Building on the Biden Administration’s strategy to achieve net-zero greenhouse gas (GHG) emissions by 2050, and as world leaders begin gathering in Glasgow, Scotland, yesterday, the US Environmental Protection Agency (EPA) issued a proposal under the Clean Air Act to significantly expand regulation of methane from oil and gas operations in the United States. The proposal—issued in conjunction with measures proposed by at least five other cabinet-level agencies to address GHG emissions—is part of President Biden’s “whole of government” approach to addressing climate change and represents EPA’s most ambitious regulatory effort to date to curb oil and gas sector emissions. EPA estimates compliance costs of $12 billion (present value, 3% discount rate) for existing sources, which it indicates would be offset by an estimated $4.7 billion (present value) through the capture of natural gas pursuant to the fugitive emission requirements in the proposal.

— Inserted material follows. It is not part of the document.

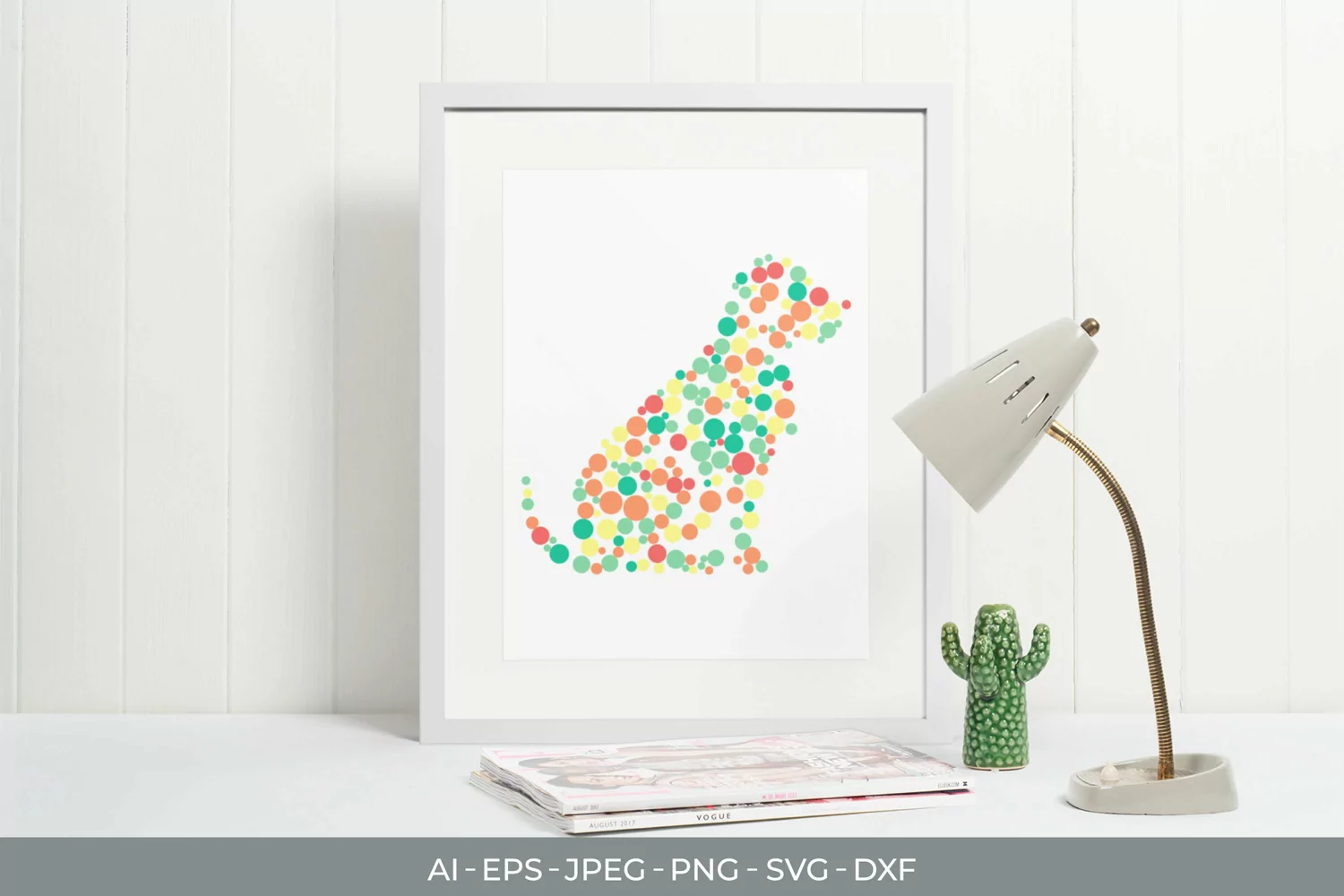Dog Shape with Colorful Dots SVG product image 1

Four key areas of the proposal to understand are:

  1. Increasing Stringency of Current Standards for New/Modified/Reconstructed Facilities: EPA proposes to increase stringency of the current new source performance standards (NSPS) for GHGs and volatile organic compounds (VOCs) for the Crude Oil and Natural Gas source category. The proposed standards would be codified in a new section of the federal regulations, 40 C.F.R. Part 60, Subpart OOOOb (“Quad Ob”). At the end of this post is EPA’s Table 2 from the proposal summarizing the new proposed standards in Quad Ob. EPA’s proposal for new, modified, and/or reconstructed sources in oil and natural gas would expand and make more stringent regulatory requirements currently in place under the NSPS 40 C.F.R. Part 60, Subparts OOOO (“Quad O”) and OOOOa (“Quad Oa”).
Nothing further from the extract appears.